Standard Life yesterday underlined the resilience of its new business model as it posted an 18% increase in underlying first-half profits, boosted to a 51% rise by its blockbuster £6.7bn annuity reinsurance deal with Canada Life earlier this year.

That injected £119m into its embedded value operating profit, which rose from £353m to £534m, ahead of most forecasts, while its investment and sales performance largely counteracted the fall in markets.

The firm's life insurance and pensions sales climbed 5%, in line with rivals, but required 14% less capital to fund, while Standard Life Investments held its third-party funds steady at £47.5bn against the market headwind.

Sandy Crombie, chief executive, said SLI would be "one of the select few companies who have maintained or improved their asset base during the last six months".

Across the group, £3.3bn of inflows, up by 15%, were offset by £8.7bn of market fall, leaving assets down £5.4bn at £163.4bn. The dividend is increased 7% to 4.07p.

In contrast with its bear market savaging as a mutual, the new "capital-lite" listed company unveiled solvency levels little affected by the conditions, with surplus capital down 3% at £3.5bn, and return on capital up from 9.1% to 11%.

Crombie, who has ridden out the storm over his on/off retirement and faced no questions over it yesterday, commented: "In easy times, almost anyone can manufacture some sort of performance.

In difficult times, it does test the resilience of your model. Where we have done well in this period, relative to some others, is that we are not on the one hand reliant on big bulk deals, like L&G and the Pru, and we are not dependent on consumer discretionary spending."

Standard argues that its new business, notably in self-invested personal pensions (Sipps), is coming from transfers of assets already in circulation, not newly invested.

On criticism from some industry quarters that much of Standard's impressive growth in Sipps is actually its existing pension business being repackaged, Crombie said: "There is an element of business that is internally transferred from an individual pension into a Sipp but it is not a lot."

He added that significant group pension transfers were flagged up. Net inflows, which set new business against policies leaving the books, were down in UK life and pensions by 3% to £1.4bn.

Individual Sipp funds under administration increased by 12% to £8.6bn, and Sipp customer numbers increased by 23% to 57,500, though individual Sipp sales fell by 19% to £2.1bn, due largely to the effect of depressed transfer values.

Standard plans to add five new features to its Sipp in the autumn, including the inclusion of protected rights and the launch of a variable annuity option, and Crombie reiterated the group's belief that the market will double to £100bn by 2011.

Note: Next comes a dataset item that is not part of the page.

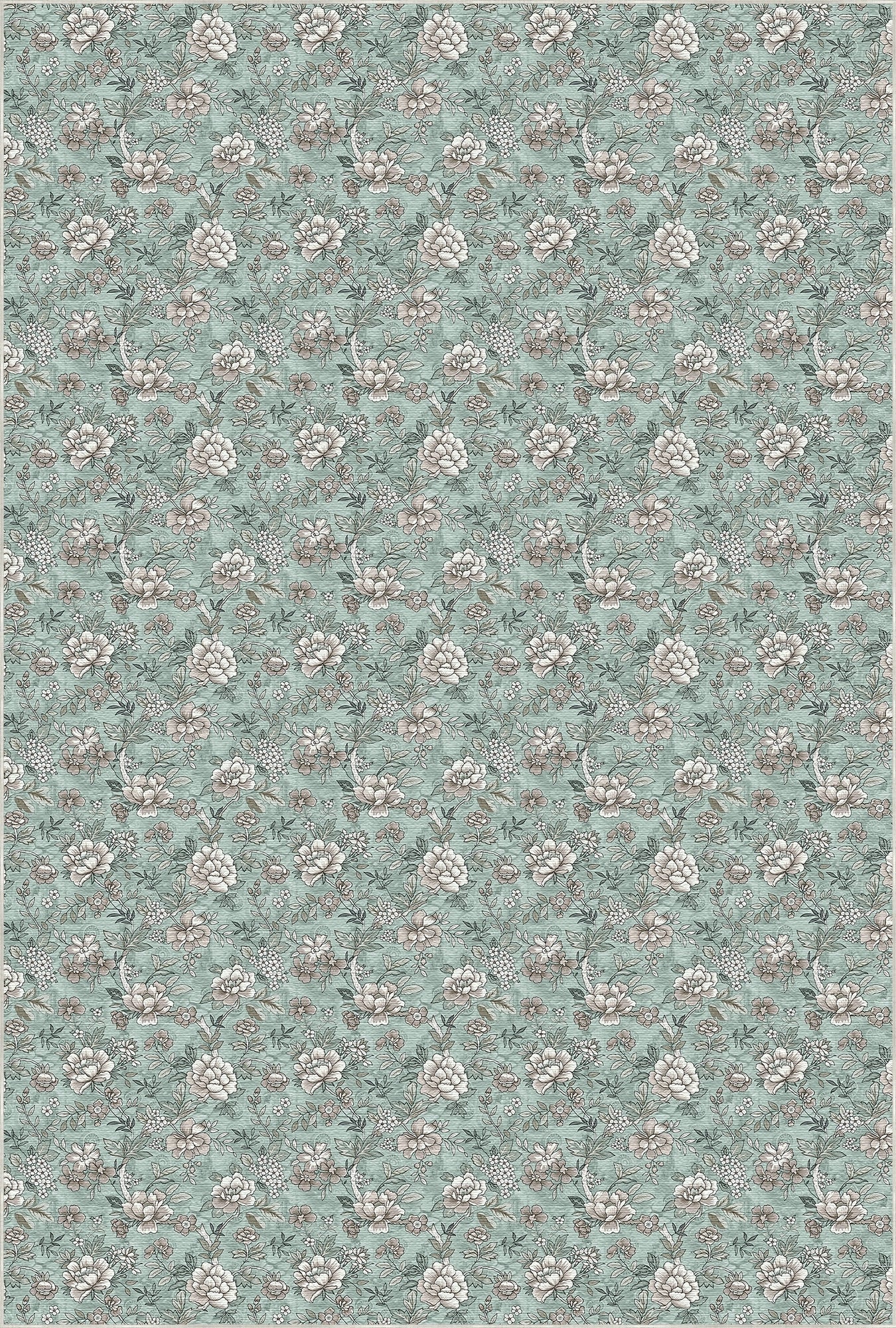 Vintage Teppich in Mintgrün mit Kleinem Blumenmuster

Group pension funds under management held steady at £15bn, while funds held on the new wrap platform jumped by 36% to £1.5bn and investment bond sales, hit by tax changes, fell by only 1%.

The tighter mortgage market saw outflows of £700m to £10.6bn at Standard Life Bank, with deposits up £200m to £4.8bn. New business profits edged up by 4% to £157m, well below forecasts of a 9% rise.

Asked whether Standard would consider bidding for Friends Provident or other merger targets, Crombie said that organic growth was the priority but "if there was an opportunity to gain scale in a particular area of operations, a product line that we don't have, a new route to market, or a customer base, we would like to work with - these are all things that interest us".